**TRY IT**
Repeat the span of the entries below that starts at the line with "Avanafil Liposomes As" and ends at the line with "Needle and Thread", nothing more. Skip the pictures.

**RECORDS FOR THE TASK**

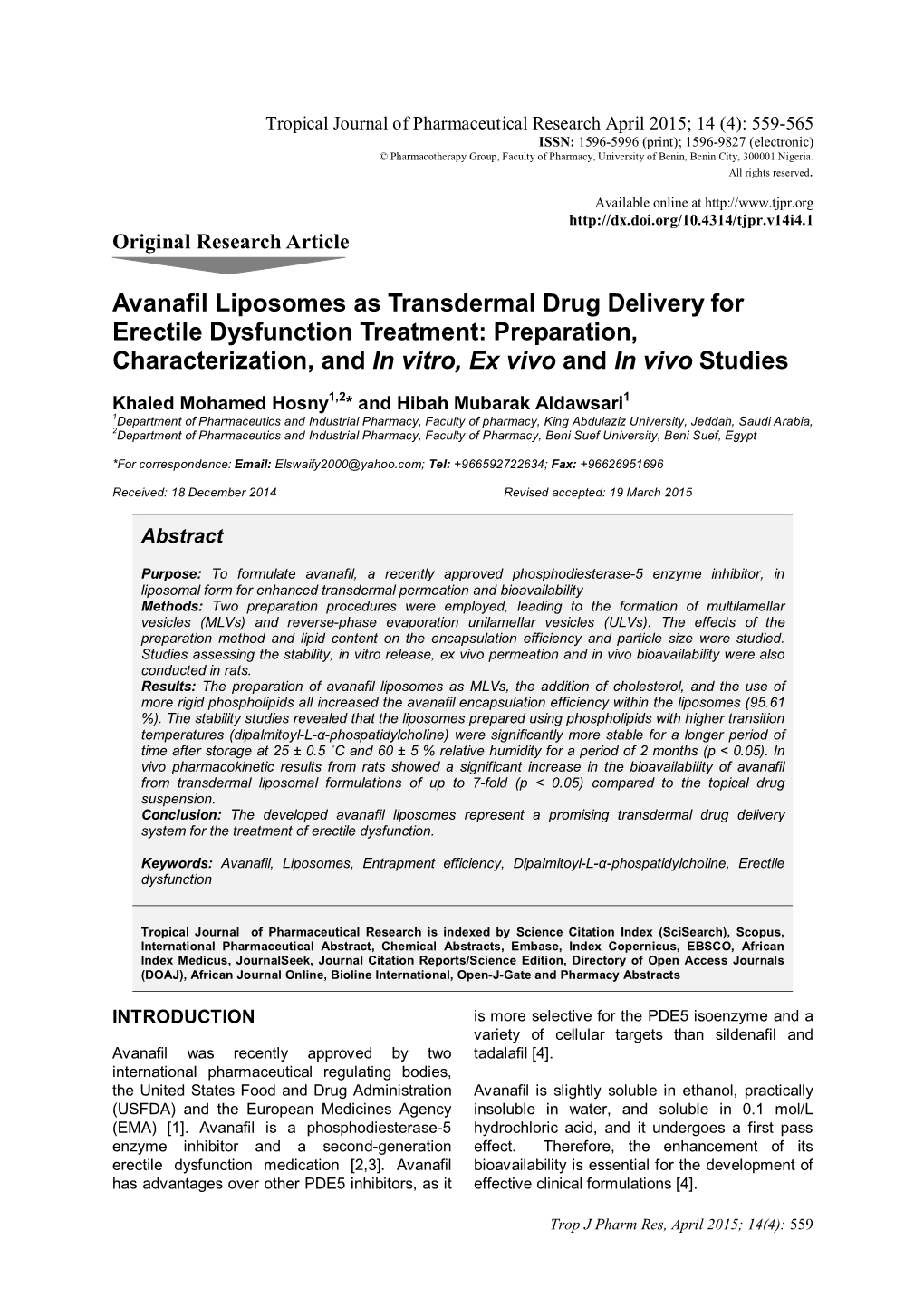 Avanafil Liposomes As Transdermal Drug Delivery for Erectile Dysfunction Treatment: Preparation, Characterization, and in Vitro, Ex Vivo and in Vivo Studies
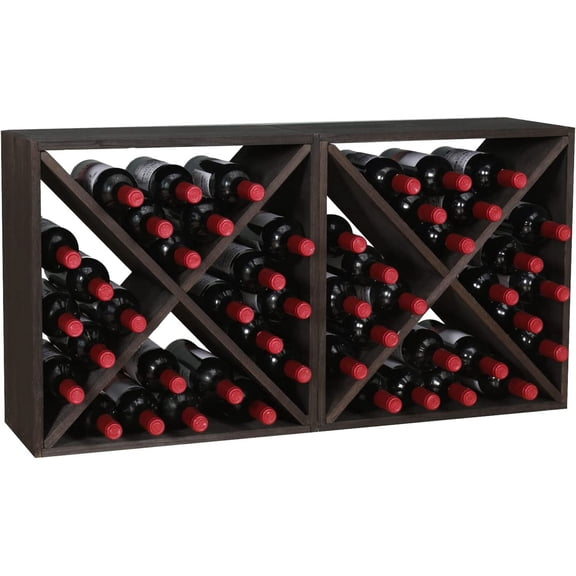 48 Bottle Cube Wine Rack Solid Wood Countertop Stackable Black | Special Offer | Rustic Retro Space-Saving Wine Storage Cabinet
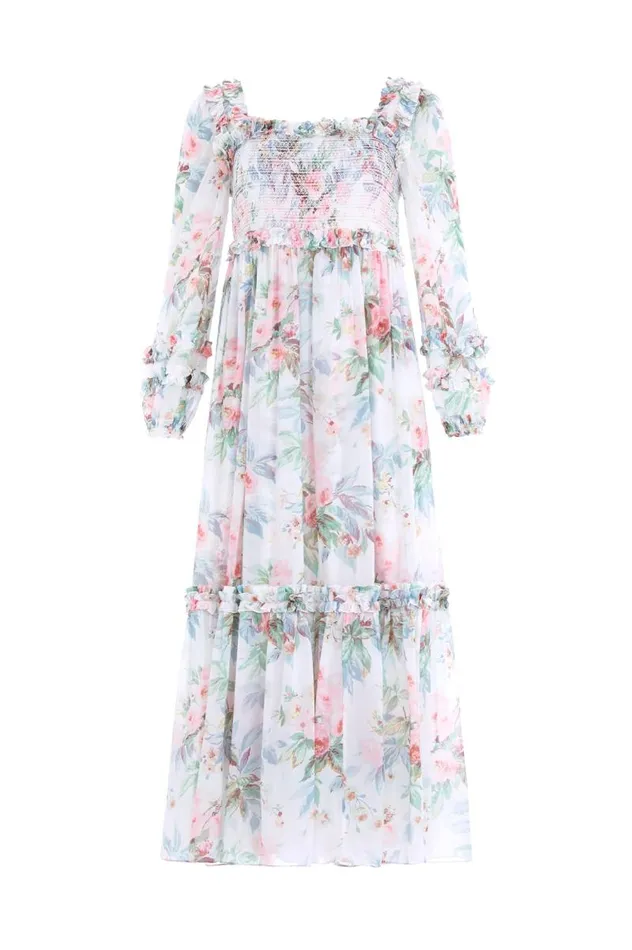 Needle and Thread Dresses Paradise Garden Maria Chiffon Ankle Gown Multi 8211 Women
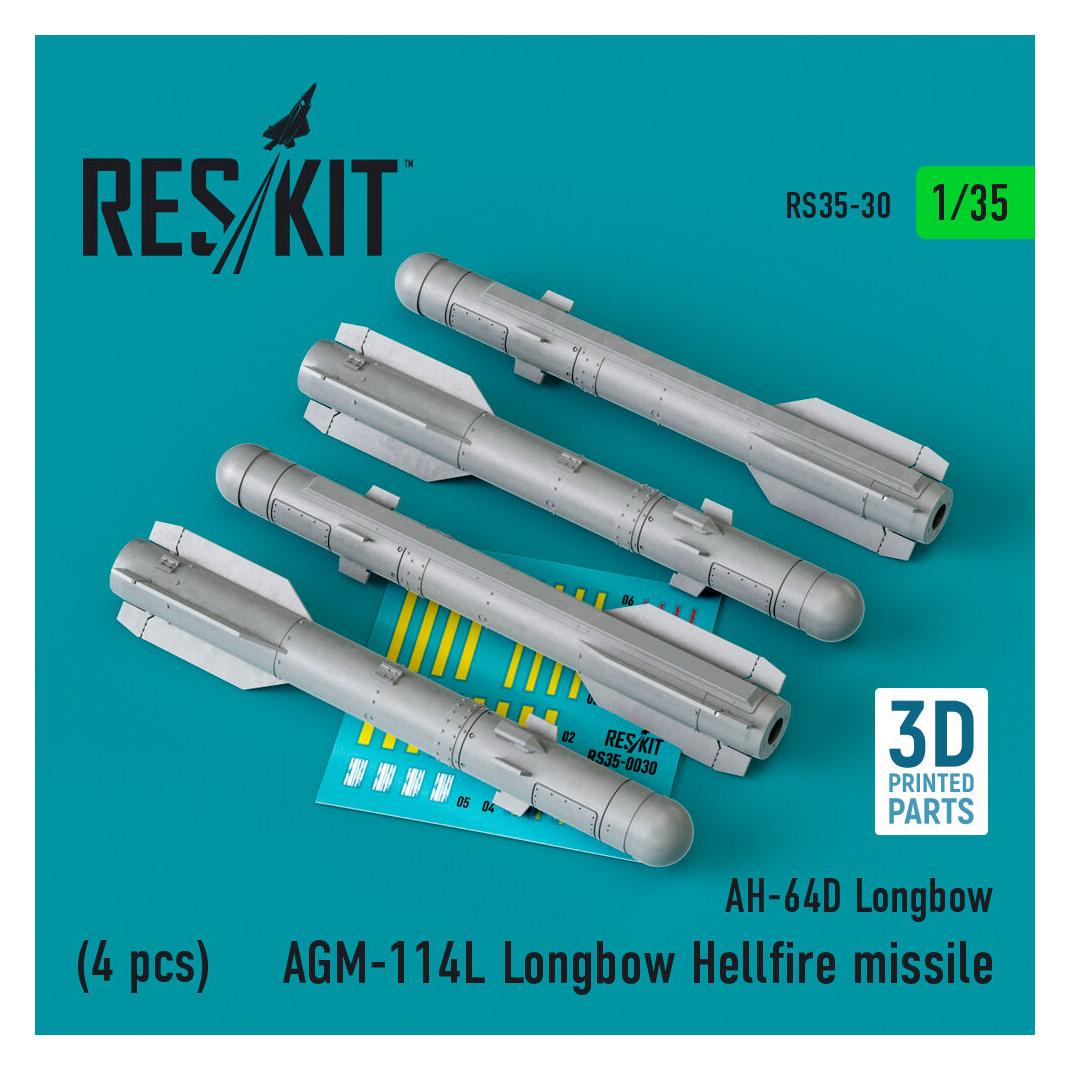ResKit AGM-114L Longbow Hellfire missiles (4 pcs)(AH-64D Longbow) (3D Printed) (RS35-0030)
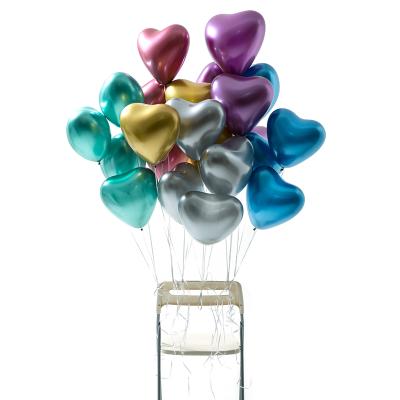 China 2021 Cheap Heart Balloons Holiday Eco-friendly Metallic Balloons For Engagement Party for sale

==

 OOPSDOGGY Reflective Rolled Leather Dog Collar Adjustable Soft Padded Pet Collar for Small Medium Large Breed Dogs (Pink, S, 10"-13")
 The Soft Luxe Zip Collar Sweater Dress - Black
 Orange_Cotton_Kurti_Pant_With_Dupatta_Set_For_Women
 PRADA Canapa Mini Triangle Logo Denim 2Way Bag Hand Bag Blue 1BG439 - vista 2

---

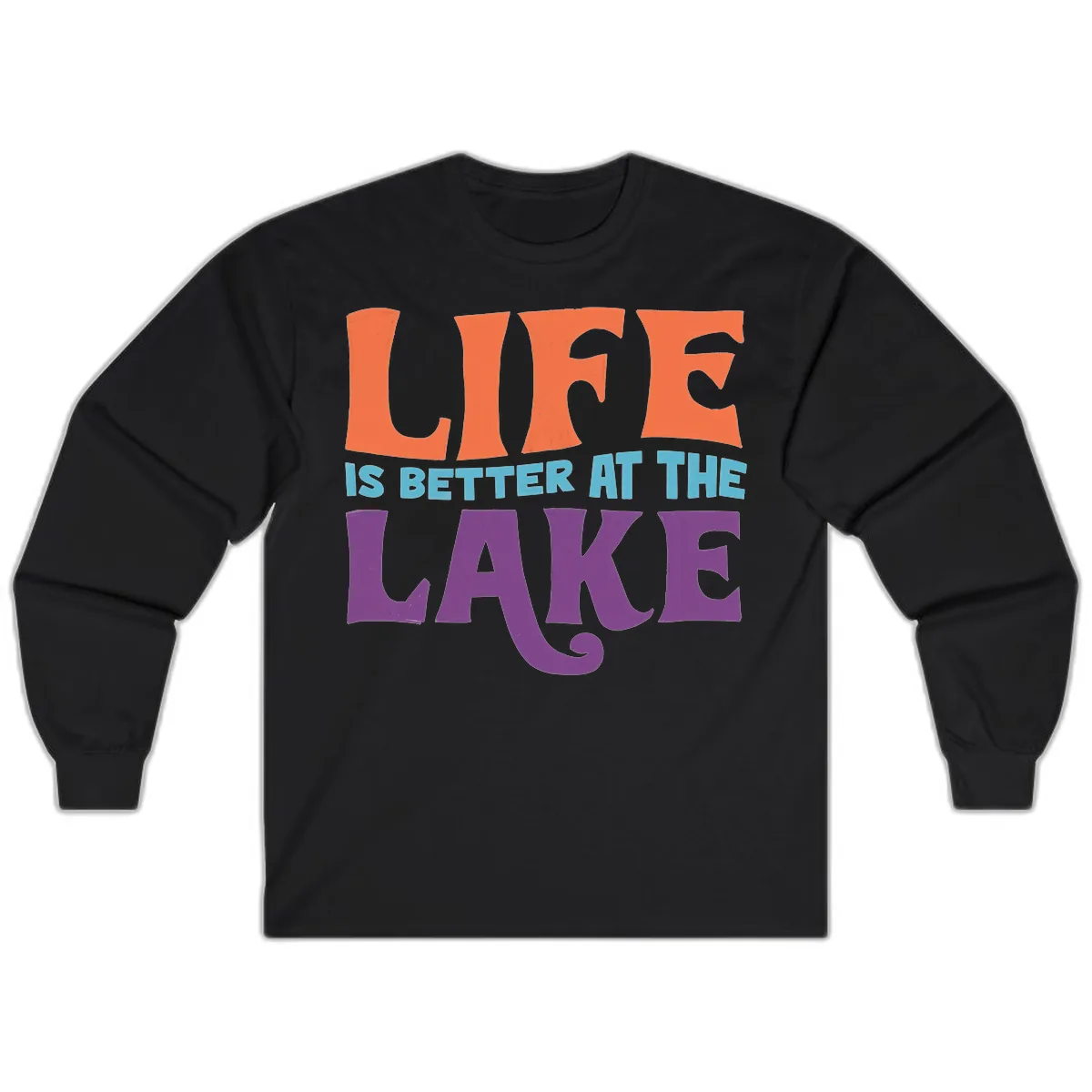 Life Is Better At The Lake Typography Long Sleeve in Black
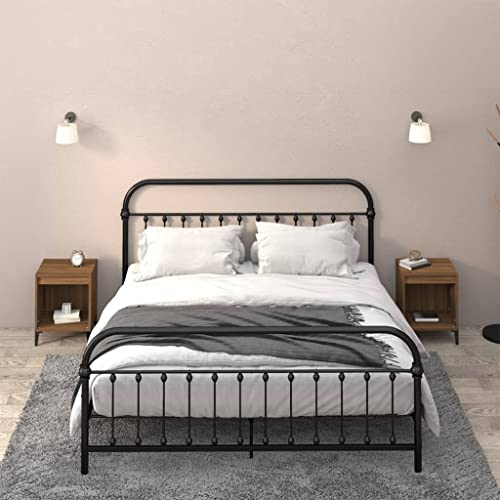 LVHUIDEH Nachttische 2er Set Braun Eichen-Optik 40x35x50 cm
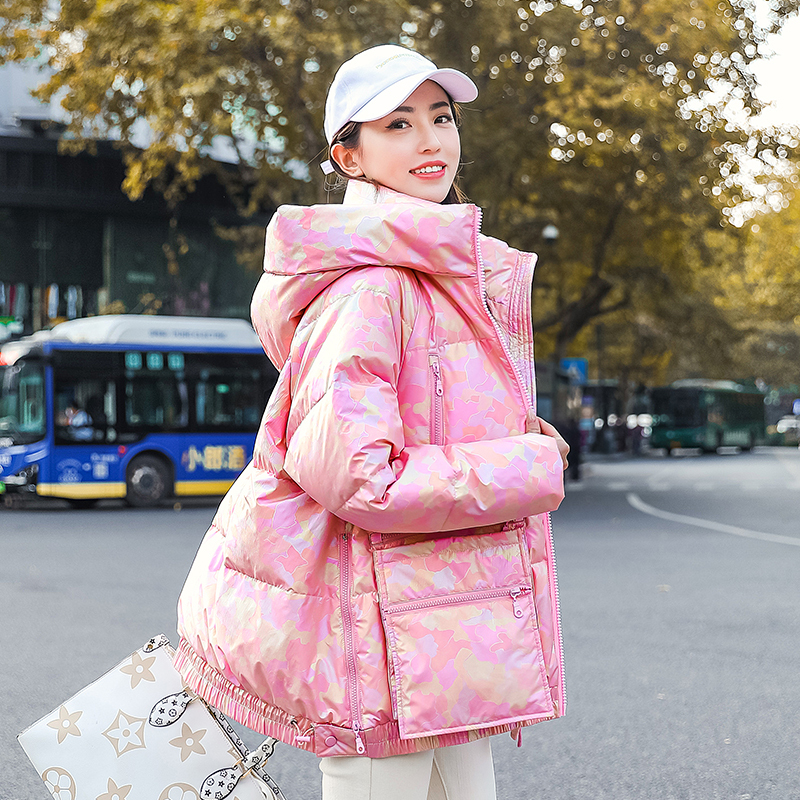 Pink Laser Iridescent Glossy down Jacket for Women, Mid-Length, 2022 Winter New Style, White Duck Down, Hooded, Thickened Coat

**FINAL ANSWER**
 Avanafil Liposomes As Transdermal Drug Delivery for Erectile Dysfunction Treatment: Preparation, Characterization, and in Vitro, Ex Vivo and in Vivo Studies
 48 Bottle Cube Wine Rack Solid Wood Countertop Stackable Black | Special Offer | Rustic Retro Space-Saving Wine Storage Cabinet
 Needle and Thread Dresses Paradise Garden Maria Chiffon Ankle Gown Multi 8211 Women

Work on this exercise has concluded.